Why was the scullery maid flirting with him?
Caroline pulled her lip balm out of her pocket and applied a layer, feeling flustered.
“The piping plover is a threatened species,” Van continued, “and one of the important things we’re doing here at Crane Beach is preserving their nesting site.
You’ll see areas that are roped off, and that’s to protect the two dozen breeding pairs we have here.
By paying for your tour today you not only support this beautiful castle but also our important work protecting wildlife.
” Van nodded quickly at Martha and retreated to the back of the crowd.
“What was that?” Caroline whispered, baffled.
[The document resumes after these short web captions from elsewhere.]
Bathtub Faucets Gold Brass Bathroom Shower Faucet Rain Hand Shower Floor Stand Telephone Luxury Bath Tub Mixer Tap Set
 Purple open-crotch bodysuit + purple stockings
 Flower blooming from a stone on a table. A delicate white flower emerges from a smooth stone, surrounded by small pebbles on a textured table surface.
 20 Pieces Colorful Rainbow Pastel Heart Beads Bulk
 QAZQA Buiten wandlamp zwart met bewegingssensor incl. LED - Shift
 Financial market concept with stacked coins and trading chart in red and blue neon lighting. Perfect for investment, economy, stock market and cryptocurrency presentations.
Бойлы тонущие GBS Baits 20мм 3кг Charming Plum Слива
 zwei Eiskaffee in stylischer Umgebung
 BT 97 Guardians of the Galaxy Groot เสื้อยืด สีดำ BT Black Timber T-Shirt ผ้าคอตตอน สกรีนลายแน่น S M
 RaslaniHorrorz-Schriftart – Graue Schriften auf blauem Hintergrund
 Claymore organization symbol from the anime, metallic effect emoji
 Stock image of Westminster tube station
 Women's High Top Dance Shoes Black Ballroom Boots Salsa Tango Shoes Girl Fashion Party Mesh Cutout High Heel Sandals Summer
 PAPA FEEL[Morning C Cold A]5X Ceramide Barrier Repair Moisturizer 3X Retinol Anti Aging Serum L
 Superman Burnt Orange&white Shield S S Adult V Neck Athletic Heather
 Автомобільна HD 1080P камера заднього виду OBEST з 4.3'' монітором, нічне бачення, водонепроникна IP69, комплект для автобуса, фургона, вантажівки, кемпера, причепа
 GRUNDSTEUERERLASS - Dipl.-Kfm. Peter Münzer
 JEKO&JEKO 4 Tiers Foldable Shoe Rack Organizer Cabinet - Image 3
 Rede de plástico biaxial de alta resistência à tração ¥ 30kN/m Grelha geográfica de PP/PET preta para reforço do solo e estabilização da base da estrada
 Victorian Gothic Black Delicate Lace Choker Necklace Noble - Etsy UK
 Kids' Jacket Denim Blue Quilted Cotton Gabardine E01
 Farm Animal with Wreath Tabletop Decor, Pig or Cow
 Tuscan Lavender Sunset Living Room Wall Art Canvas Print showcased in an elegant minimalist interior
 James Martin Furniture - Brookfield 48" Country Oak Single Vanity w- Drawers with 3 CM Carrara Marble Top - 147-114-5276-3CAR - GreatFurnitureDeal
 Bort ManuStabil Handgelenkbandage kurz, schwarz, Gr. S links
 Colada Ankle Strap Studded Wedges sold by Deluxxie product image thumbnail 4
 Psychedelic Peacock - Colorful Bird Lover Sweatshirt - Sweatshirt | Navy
“Oh, I work here.” Van ducked his head down, embarrassed.
“You’re a tour guide?”
“No, I work for the Trustees of Reservations in land management. I’m an environmental scientist. Our offices are on the third floor.” He gestured up at the Great House.
“So, you’re not here to visit your Chicago friends Richard and Florence?” Caroline looked at him in mock accusation.
Van shook his head and smiled bashfully.
“Wait.” Caroline realized something. “Did you just do the tour because I was doing it?”
Van covered his face with his hands. “I was just going to say hi, but kind of got sucked in.”
“Damn it! I was here thinking you spent your Wednesday mornings touring historic castles—which, by the way, is a totally normal thing to do—but you were actually at work!”
“Uh, well,” Van looked at his watch, “if it makes you feel any better, I think I missed a semi-important meeting and am now supposed to be telling my staff what they’re doing today.”
“I am also very busy and missing some important things.” Caroline nodded.